Dr Thambar explains it as managers helping each other to make sense of the situation using available accounting and non-accounting information – in other words, getting everyone on the same page.
“Sensemaking arises when employees from different levels within the organisational come together, mostly in meetings, and interact to construct rational accounts that allow them to understand and comprehend these occurrences,” Dr Thambar says.
“Meaning is rendered and shared based on past experiences to allow for a framing of the current situation.”
On the same page
The processes of sensemaking often involve individual employees engaging in sensegiving – a key element of sensemaking in which they attempt to influence others towards their preferred picture of organisational reality. Sensegiving is senior managers trying to help more junior managers to make sense of the situation.
The researchers adapted an existing framework of five types of organisational sensemaking – guided, restricted, fragmented, minimal, and reflexive – that differs based on the level of sensegiving of the chief executive officer (CEO) and other managers to guide their research
Using this framework, they considered how the management control practice of coordination was carried out during a crisis and what role organisational sensemaking processes plays in enabling this coordination.
The importance of meetings
The researchers explain that using accounting management control practices such as target during a crisis can help to galvanise the team towards a common goal. The target functions as an anchor, helping the organisational managers to redesign any activities as needed to maintain operational focus in the crisis.
Making sense of the situation, they can focus on what absolutely needs to get done to meet the target.
Using accounting information to draw upon in the form of performance reports helps establish an agreed-upon course of action.
“We observed weekly virtual planning meetings, examining how managers arrived at decisions relating to TOB’s response to the crisis,” Dr Thambar says.
“Meetings are an important management control practice that enables organisational personnel to interact and coordinate activities. This makes them an ideal environment in which to observe the organisation’s sensemaking approach evolve.”
In other words, meetings provide a platform for integration and liaison and the primary way in which managers engaged in sensemaking.
This was especially true because of state government work from home orders which made weekly virtual online planning meetings the only time that all The One Box managers came together.
“These weekly meetings formed the central platform through which coordination was facilitated,” Dr Thambar says.
They found that meetings helped managers to develop a common understanding of the key threats posed by the pandemic and to arrive at collective decisions regarding The One Box’s responses.
Coordinating during a crisis
The One Box engaged in three of the five types of organisational sensemaking processes (guided, reflexive, and restricted) which enabled coordination.

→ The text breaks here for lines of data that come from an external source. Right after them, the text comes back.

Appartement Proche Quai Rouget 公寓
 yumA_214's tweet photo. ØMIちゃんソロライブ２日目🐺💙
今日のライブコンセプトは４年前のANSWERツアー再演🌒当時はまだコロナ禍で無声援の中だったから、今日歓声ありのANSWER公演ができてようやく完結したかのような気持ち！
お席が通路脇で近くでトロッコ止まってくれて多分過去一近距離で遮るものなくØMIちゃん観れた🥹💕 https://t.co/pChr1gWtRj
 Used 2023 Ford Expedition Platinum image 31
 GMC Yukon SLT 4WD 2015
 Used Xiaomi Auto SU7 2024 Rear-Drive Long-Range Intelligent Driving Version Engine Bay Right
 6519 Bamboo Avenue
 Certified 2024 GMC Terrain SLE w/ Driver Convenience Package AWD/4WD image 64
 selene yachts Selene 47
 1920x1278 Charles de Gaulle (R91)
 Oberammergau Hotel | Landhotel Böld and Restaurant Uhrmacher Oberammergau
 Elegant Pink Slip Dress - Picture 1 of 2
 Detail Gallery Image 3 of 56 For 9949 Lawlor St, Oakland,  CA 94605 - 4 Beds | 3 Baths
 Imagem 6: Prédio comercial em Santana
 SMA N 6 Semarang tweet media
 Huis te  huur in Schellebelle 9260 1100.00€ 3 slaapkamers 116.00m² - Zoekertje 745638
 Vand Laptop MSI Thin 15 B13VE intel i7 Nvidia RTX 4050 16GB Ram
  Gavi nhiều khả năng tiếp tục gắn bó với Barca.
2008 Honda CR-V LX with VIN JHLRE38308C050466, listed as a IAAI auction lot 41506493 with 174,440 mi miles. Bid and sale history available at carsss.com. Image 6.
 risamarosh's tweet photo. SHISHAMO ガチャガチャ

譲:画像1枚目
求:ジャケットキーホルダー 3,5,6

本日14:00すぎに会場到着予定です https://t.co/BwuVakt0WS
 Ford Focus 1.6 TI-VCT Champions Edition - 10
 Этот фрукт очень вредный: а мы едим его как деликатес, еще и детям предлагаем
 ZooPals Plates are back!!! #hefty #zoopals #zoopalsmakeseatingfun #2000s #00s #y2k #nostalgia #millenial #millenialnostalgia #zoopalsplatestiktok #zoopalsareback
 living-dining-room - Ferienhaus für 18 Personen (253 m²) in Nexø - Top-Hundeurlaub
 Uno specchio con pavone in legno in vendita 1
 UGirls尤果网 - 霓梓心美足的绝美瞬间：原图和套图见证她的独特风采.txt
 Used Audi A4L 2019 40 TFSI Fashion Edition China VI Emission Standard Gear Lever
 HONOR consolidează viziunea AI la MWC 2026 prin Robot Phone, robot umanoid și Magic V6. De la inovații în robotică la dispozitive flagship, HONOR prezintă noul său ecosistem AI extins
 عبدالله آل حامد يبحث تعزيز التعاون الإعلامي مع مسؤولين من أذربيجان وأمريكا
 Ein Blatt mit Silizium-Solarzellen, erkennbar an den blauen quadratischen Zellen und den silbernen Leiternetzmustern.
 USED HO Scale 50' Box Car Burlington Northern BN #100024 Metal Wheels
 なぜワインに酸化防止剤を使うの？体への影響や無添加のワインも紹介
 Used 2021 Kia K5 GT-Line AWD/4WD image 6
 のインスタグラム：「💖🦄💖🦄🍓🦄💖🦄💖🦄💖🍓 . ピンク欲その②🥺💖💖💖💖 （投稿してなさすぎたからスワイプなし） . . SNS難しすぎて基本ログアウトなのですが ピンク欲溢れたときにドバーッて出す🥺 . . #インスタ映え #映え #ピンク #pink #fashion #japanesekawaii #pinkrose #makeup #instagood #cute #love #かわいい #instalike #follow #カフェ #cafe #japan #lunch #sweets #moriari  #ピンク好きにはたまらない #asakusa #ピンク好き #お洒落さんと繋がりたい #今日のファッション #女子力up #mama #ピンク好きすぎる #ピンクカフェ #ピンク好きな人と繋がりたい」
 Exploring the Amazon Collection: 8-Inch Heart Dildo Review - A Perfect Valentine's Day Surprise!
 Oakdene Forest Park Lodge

For each of these forms of sensemaking, other accounting practices acted as a trigger mechanism, triggering the process.
“With guided sensemaking, the CEO and managers all engaged in sensegiving, each trying to convince the others of their own preferred picture of organisational reality,” Associate Professor Kober says.
“We found that organisational sensemaking processes enabled The One Box to carry out the management control practice of coordination during the COVID-19 pandemic to develop a common understanding of goals and required actions.”